WHAT IS EXPECTED »
Copy nothing but the lines from the opening of the entries through the line that contains "Imoshion Backcover met", exactly as written. Drop the pictures.

━━━━━━

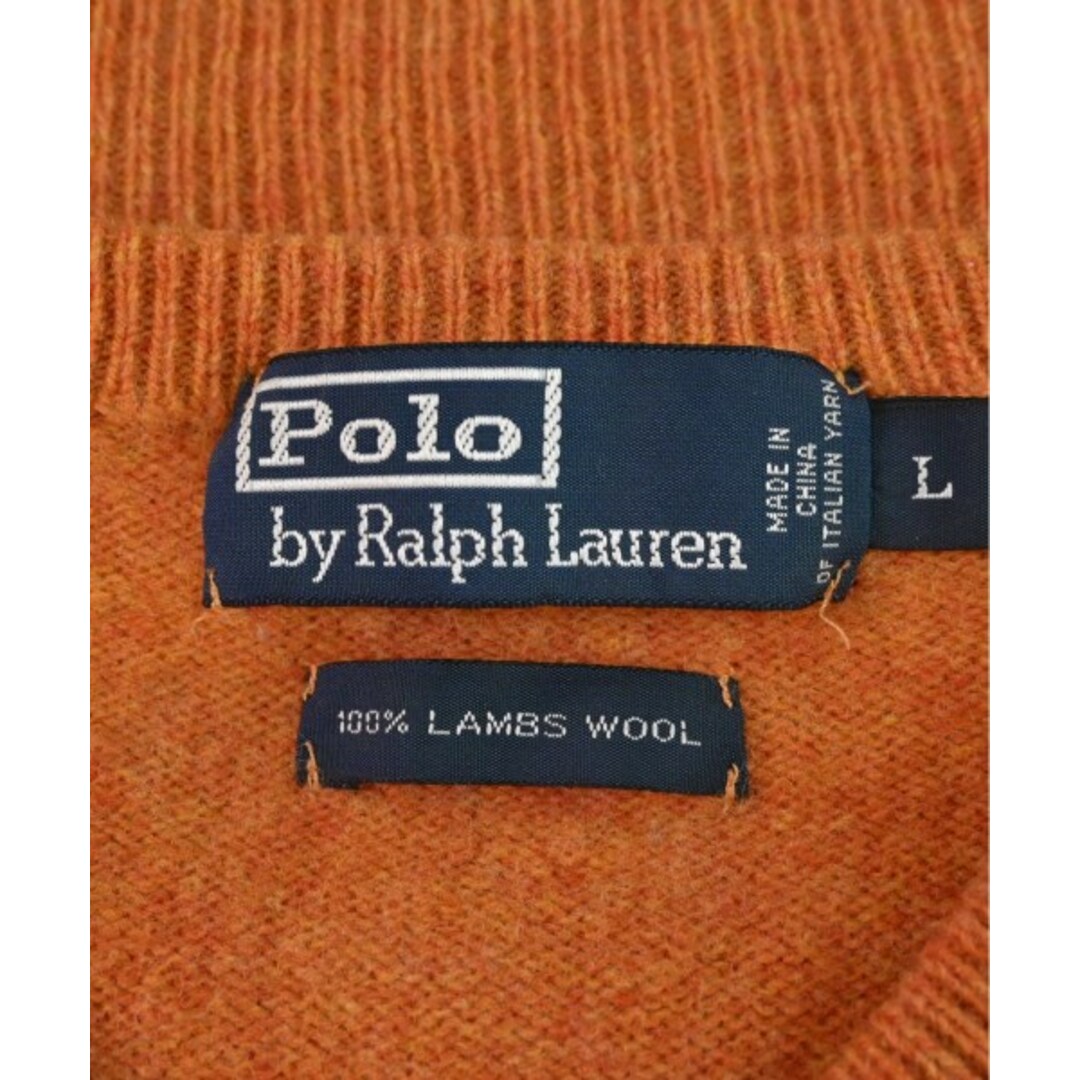 POLO RALPH LAUREN(ポロラルフローレン)のPolo Ralph Lauren ニット・セーター L オレンジ 【古着】【中古】 メンズのトップス(ニット/セーター)の商品写真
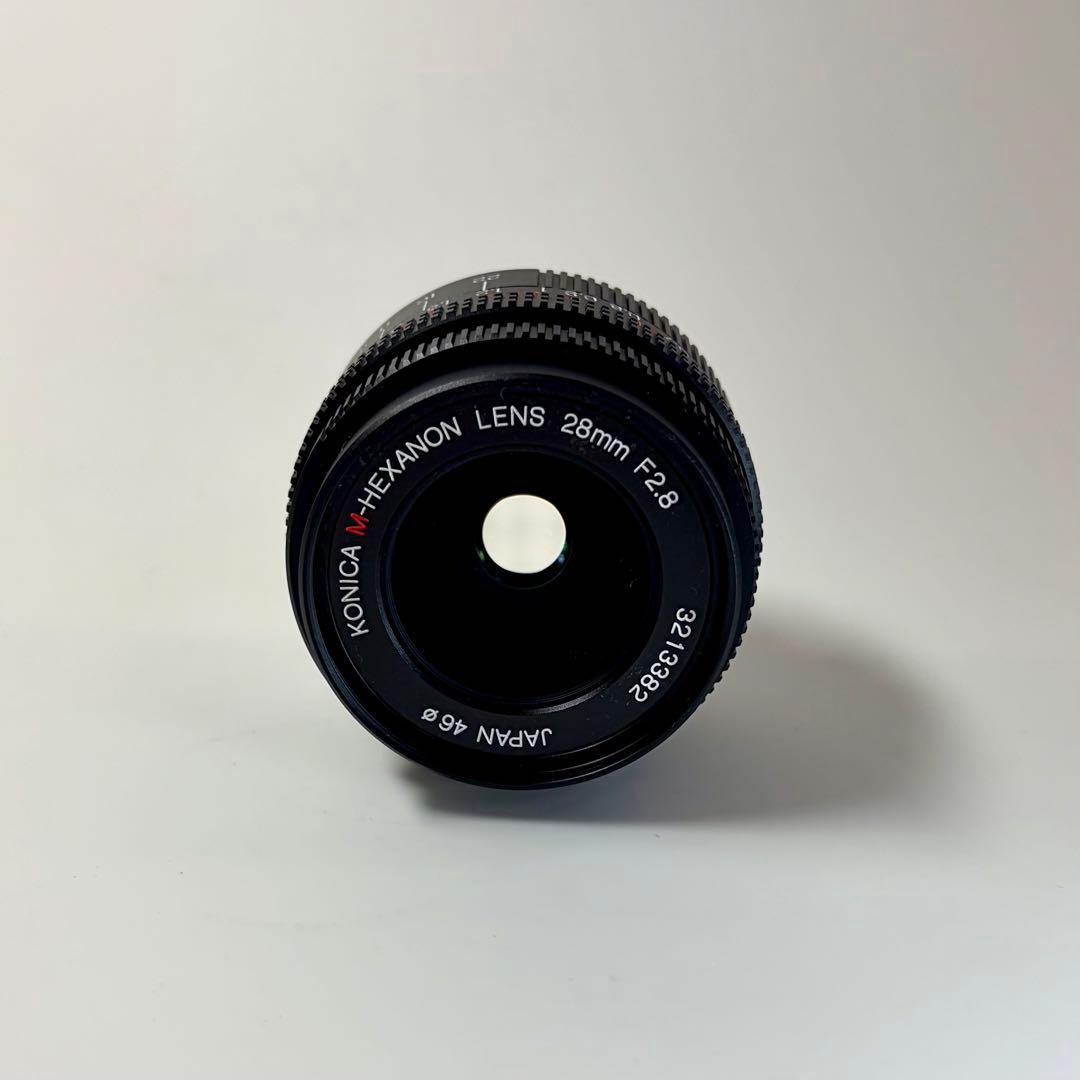 Konica M-Hexanon 28mm F2.8 レンズ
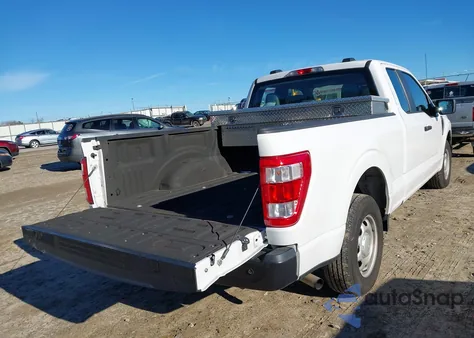 2021 Ford F150 Super Cab из США, поврежденный, VIN 1FTEX1CB4MFB88108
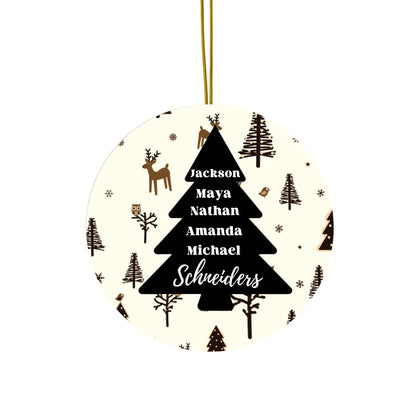 Printify Ceramic Ornaments - Round, Heart, Star, Snowflake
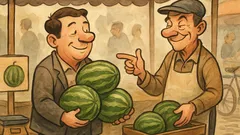 Banc: Mă duc la piață după pepeni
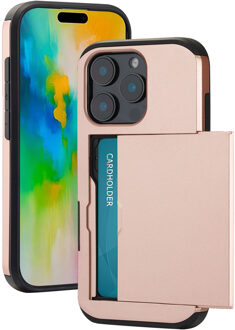 Imoshion Backcover met pasjeshouder voor de Apple iPhone 16 Pro - Rosé Goud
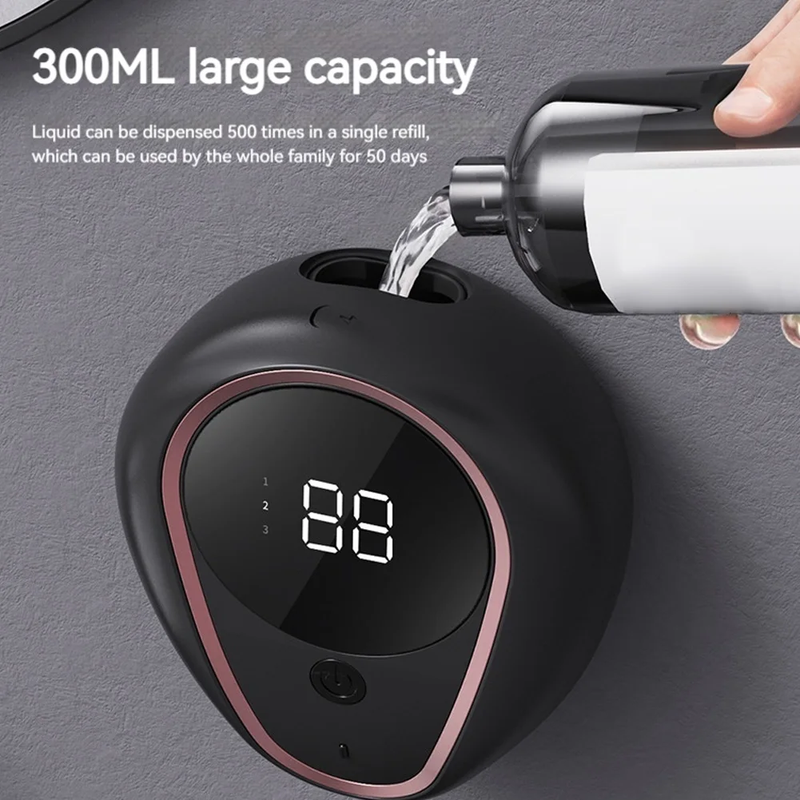 Automatic Wall Mount Foam Soap Dispenser Infrared Sensor Small Touchless Soap Di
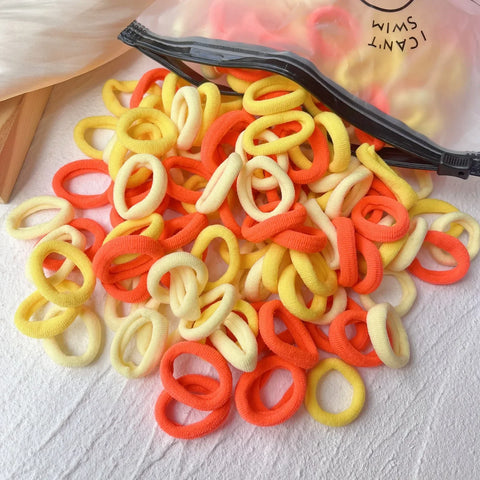 LOVEKIKI 50 stuks elastische haarbanden - kleurrijke kinderhaaraccessoires voor leuke stijlen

━━━━━━

WRITTEN SOLUTION »
 POLO RALPH LAUREN(ポロラルフローレン)のPolo Ralph Lauren ニット・セーター L オレンジ 【古着】【中古】 メンズのトップス(ニット/セーター)の商品写真
 Konica M-Hexanon 28mm F2.8 レンズ
 2021 Ford F150 Super Cab из США, поврежденный, VIN 1FTEX1CB4MFB88108
 Printify Ceramic Ornaments - Round, Heart, Star, Snowflake
 Banc: Mă duc la piață după pepeni
 Imoshion Backcover met pasjeshouder voor de Apple iPhone 16 Pro - Rosé Goud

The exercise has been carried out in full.